Este filme faz parte da 41ª Mostra Internacional de Cinema de São Paulo. Para mais resenhas do festival, clique aqui.
O Rebanho (El Corral, 2017) é o mais recente longa do jovem diretor argentino Sebástian Caulier e o mais obscuro até agora dentro de sua temática “thriller adolescente”. O filme é o segundo de uma trilogia que se iniciou com a obra mais famosa de Caulier, A Inocência da Aranha (La Inocencia de la Araña, 2011).
Os protagonistas são introduzidos como dois extremos do espectro “adolescente deslocado”. Esteban Ayala (Patricio Penna), cujo ponto de vista norteia todo o enredo, autodescreve-se como antissocial, ruim em esportes, míope e poeta. Ele é o autêntico garoto tímido, franzino, alvo fácil de bullying – embora, como o próprio diz, na época não existia tal palavra: era apenas a vida. Já Gastón Pereira (Felipe Ramusio Mora), uma mistura intrigante de protagonista e antagonista, também é deslocado e sem amigos, porém por vontade própria. Sua atitude autoconfiante e descuidada cria uma atmosfera de respeito em torno dele, e é exatamente por isso que ele inicialmente ganha a admiração de Esteban.
A amizade de ambos é alimentada por um ódio cada vez mais declarado de todos ao redor, e essa raiva rapidamente evolui para um perigoso desejo de destruição. Logo, esses dois extremos começam a se confundir, até se tornarem quase o mesmo – e é aí que o resultado desta aliança passa a ser realmente assustador.

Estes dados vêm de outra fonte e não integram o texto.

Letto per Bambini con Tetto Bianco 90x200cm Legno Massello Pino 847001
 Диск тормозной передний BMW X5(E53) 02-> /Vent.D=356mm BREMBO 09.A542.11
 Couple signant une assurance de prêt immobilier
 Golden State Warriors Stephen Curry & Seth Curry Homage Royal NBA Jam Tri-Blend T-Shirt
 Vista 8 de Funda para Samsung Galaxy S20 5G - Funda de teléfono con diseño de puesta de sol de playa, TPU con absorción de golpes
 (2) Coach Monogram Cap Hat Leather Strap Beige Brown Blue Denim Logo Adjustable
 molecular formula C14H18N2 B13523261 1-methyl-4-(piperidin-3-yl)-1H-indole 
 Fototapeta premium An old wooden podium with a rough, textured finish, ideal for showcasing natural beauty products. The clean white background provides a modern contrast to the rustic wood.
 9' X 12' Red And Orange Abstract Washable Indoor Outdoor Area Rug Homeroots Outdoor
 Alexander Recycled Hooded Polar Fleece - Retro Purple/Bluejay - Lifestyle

O enredo e a progressão de O Rebanho é muito similar ao da comédia estadunidense Atração Mortal (Heathers, 1988), exceto que, de certa maneira, mais atual, no âmbito de abordar temáticas mais facilmente identificáveis com a juventude dos anos 2000.
Também, a decisão por esta época traz uma nostalgia, presente nos uniformes escolares, na ausência de tecnologias como o computador e o celular, e um sentimento de isolamento da pequena esfera social na qual a história se desenvolve. Mas a recente volta de várias tendências dos anos 90 auxilia em tornar o contexto atual e identificável; os figurinos, acessórios, maquiagens, penteados são muito comuns também entre adolescentes brasileiros hoje.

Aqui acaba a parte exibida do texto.